Bullet Communicating in new ways

Bullet Sharing ideas

Bullet Employing multimedia

Bullet Improving human sensory perception

People interact with each other in myriad ways. In fact, few people realize just how many different ways communication occurs. When many people think about communication, they think about writing or talking. However, interaction can take many other forms, including eye contact, tonal quality, and even scent, as described in “The Truth about Pheromones” in the Smithsonian Magazine. An example of the computer version of enhanced human interaction is the electronic nose, which relies on a combination of electronics, biochemistry, and artificial intelligence to perform its task and has been applied to a wide range of industrial applications and research (see https://tinyurl.com/488jfzut). In fact, the electronic nose can even sniff out diseases (see https://tinyurl.com/28cfcjek). This chapter concentrates more along the lines of standard communication, however, including body language. You get a better understanding of how AI can enhance human communication through means that are less costly than building your own electronic nose.

AI can also enhance the manner in which people exchange ideas. In some cases, AI provides entirely new methods of communication, but in many cases, AI provides a subtle (or sometimes not so subtle) method of enhancing existing ways to exchange ideas. Humans rely on exchanging ideas to create new technologies, build on existing technologies, or learn about technologies needed to increase an individual’s knowledge. Ideas are abstract, which makes exchanging them particularly difficult at times, so AI can provide a needed bridge between people.
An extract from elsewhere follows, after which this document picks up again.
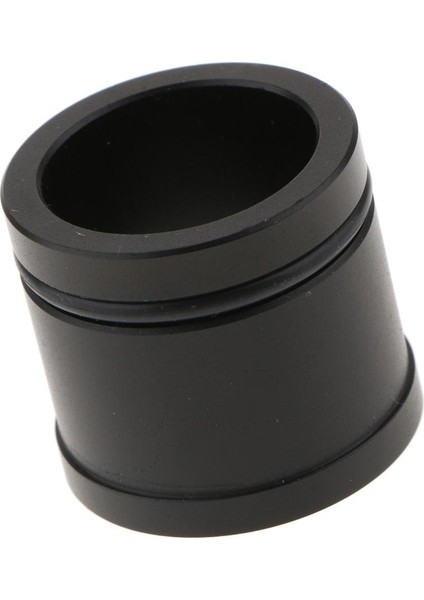 23.2mm Ila 30.5mm Ccd Kamera Için Stereo Mikroskop Standart C-Montaj Lens Adaptörü (Yurt Dışından)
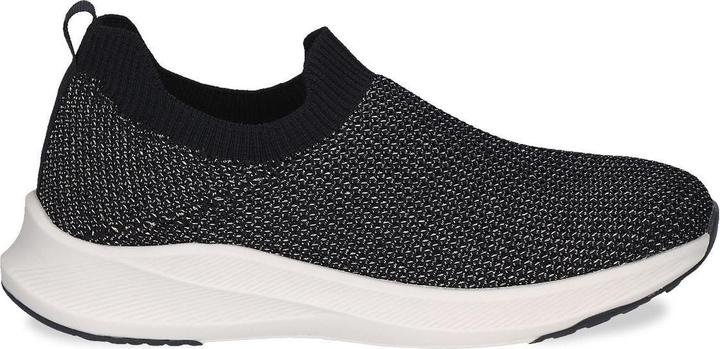 Caprice Sneaker (37)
At one time, if someone wanted to store their knowledge to share with someone else, they generally relied on writing. In some cases, they could also augment their communication by using graphics of various types. However, only some people can use these two forms of media to gain new knowledge; many people require more, which is why online sources such as YouTube have become so popular. Interestingly enough, you can augment the power of multimedia, which is already substantial, by using AI, and this chapter tells you how.
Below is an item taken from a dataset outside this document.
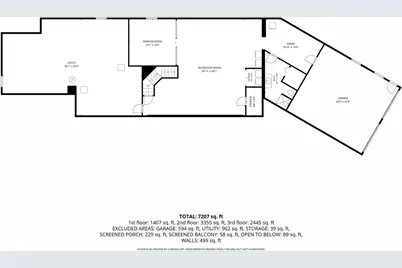 15 Long Pasture Rd, North Andover, MA 01845 - Photo 40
The final section of this chapter helps you understand how an AI can give you almost superhuman sensory perception. Perhaps you really want that electronic nose after all; it does provide significant advantages in detecting scents that are significantly less aromatic than humans can smell. Imagine being able to smell at the same level as a dog does (which uses 100 million aroma receptors, versus the 1 million aroma receptors that humans possess). It turns out there are two ways that let you achieve this goal: using monitors that a human accesses indirectly, and direct stimulation of human sensory perception.
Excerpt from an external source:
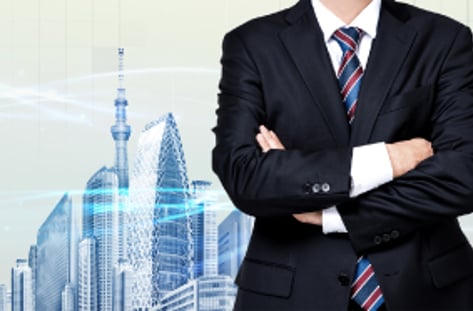 '32살' 동일인 제도 해부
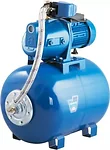 Aquario AUTO AJC-125C (50L)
Developing New Ways to Communicate

Communication involving a developed language initially took place between humans via the spoken versus written word. The only problem with spoken communication is that the two parties must appear near enough together to talk. Consequently, written communication is superior in many respects because it allows time-delayed communications that don’t require the two parties to ever see each other. The three main methods of human nonverbal communication rely on

· Alphabets/Iconographs: The abstraction of components of human words or symbols

· Language: The stringing of words or symbols together to create sentences or convey ideas in written form

· Body language: The augmentation of language with context

The first two methods are direct abstractions of the spoken word. They aren’t always easy to implement, but people have been doing so for thousands of years. The body-language component is the hardest to implement because you’re trying to create an abstraction of a physical process. Writing helps convey body language using specific terminology, such as that described at https://tinyurl.com/27newjbf. However, the written word falls short, so people augment it with symbols, such as emoticons and emojii (read about their differences at https://tinyurl.com/9jyc5n4n). The following sections discuss these issues in more detail.

Creating new alphabets

The introduction to this section discusses two new alphabets used in the computer age: emoticons and emojii (https://tinyurl.com/wjsw8te5 and https://emojipedia.org/). The sites where you find these two graphic alphabets online can list hundreds of them. For the most part, humans can interpret these iconic alphabets without too much trouble because they resemble facial expressions, but an application doesn’t have the human sense of art, so computers often require an AI just to figure out what emotion a human is trying to convey with the little pictures. Fortunately, you can find standardized lists, such as the Unicode emoji chart at https://tinyurl.com/j4bdmm3m. Of course, a standardized list doesn’t actually help with translation. The article “An Algortithm Trained on Emoji Knows When You’re Being Sarcastic on Twitter” at MIT Technology Review.com provides more details on how someone can train an AI to interpret and react to emojii (and by extension, emoticons). You can actually see an example of this process at work at https://deepmoji.mit.edu/.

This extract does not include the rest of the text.